Quando Zé Peixe chega ao porto é uma
alegria só. Ele curva seu corpo para cumprimentar
funcionários, marujos e capitães, como se os estivesse
reverenciando. “Não existe ninguém como ele”, diz um.
“Uma fi gura lendária de Aracaju”, afi rma outro.
“Peixinho é um ídolo”, conta outro homem do mar.
É certo que o porto de Aracaju não é lá
muito movimentado. Mas, por causa de Zé Peixe, ganhou
fama internacional, espalhada por navegantes de fora que
lá atracaram. “Os gringos me chamam de Joe Fish”, diz.
Certa vez, um capitão russo de um cargueiro chegou a
pedir que o detivessem quando estava para se lançar ao
mar – achou que ele estava se suicidando.
Zé é peixe miudinho. Tem apenas 1,60
metro de altura e 53 quilos. Mesmo franzino, já realizou
muitas grandezas. A maior proeza foi quando socorreu o
navio Mercury, que ardia em chamas em alto-mar, vindo
das plataformas da Petrobrás e com funcionários a bordo.
Zé pegou carona num rebocador, ligeiro chegou ao navio e
conduziu a embarcação até um ponto onde todos pudessem
saltar e nadar para terra fi rme. “Eu só fiz o que tinha
de fazer, compreende?” Ele não gosta de falar muito de
si mesmo. “Por causa de sua condição física exemplar,
ele conseguiu salvar inúmeras vidas”, conta Brabo, o
chefe dos práticos, que há 26 anos convive com Peixinho.

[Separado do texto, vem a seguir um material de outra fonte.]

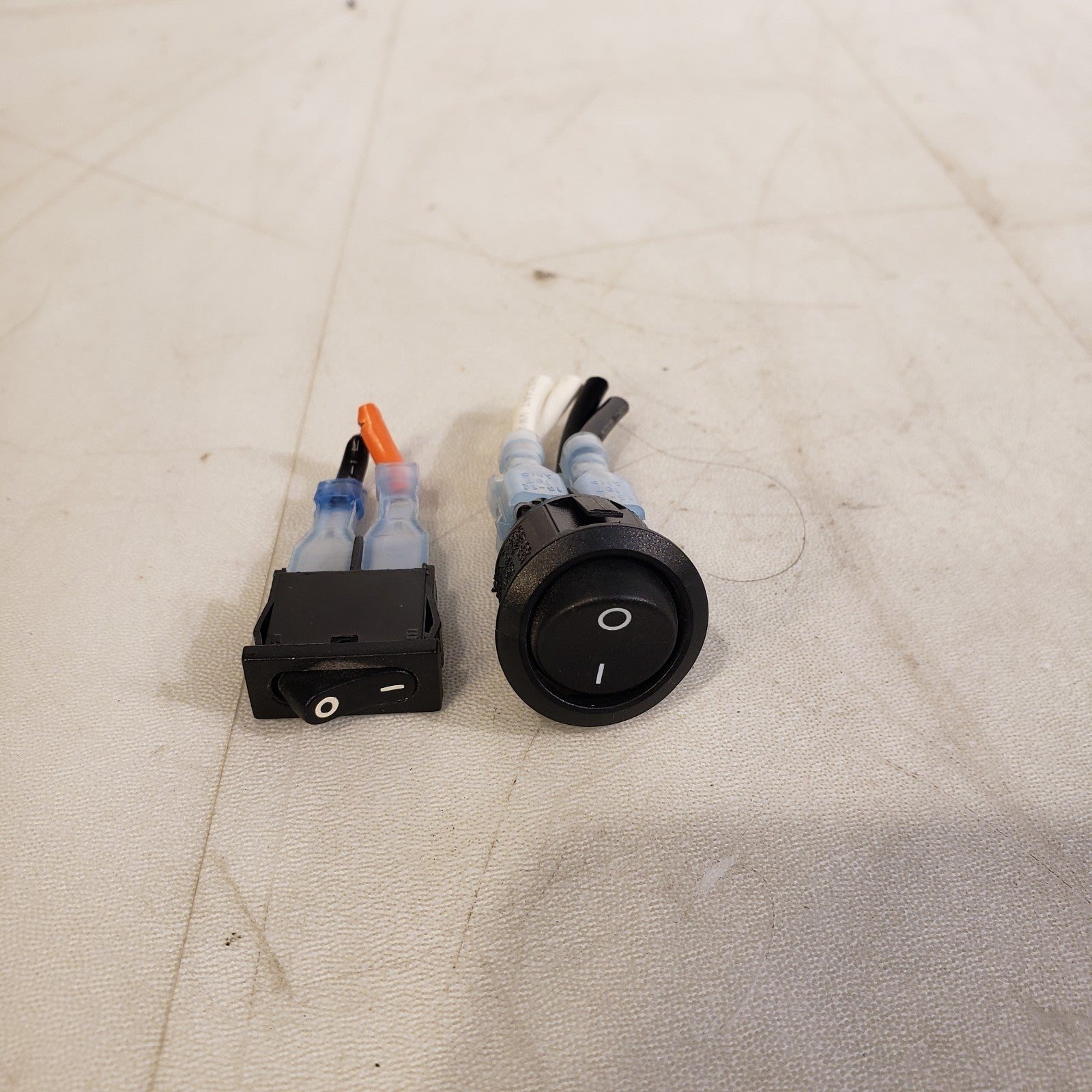 Bulgin Rocker SWITCH R13-244B Light Country R6 Rocker Switch SPST – Lab ...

Em 1941, ele e toda a população de Aracaju viram na
praia os corpos de náufragos de três navios bombardeados
por embarcações alemãs na Segunda Guerra Mundial. A
partir daí, ninguém nunca mais se afogou perto dele.
Maré cheia
Desde menino novo, Zé dá suas pernadas
no rio Sergipe. Os pais, dona Vectúria e seu Nicanor,
que ensinaram. De sua casa, era só cruzar a rua de terra
para dar no rio. Em tempo de maré cheia, a água vinha
bater na porta. Moleque arretado, José Martins Ribeiro
Nunes aprendeu a atravessar o rio para chupar caju na
outra margem do rio. Aos 12 anos já nadava muito bem.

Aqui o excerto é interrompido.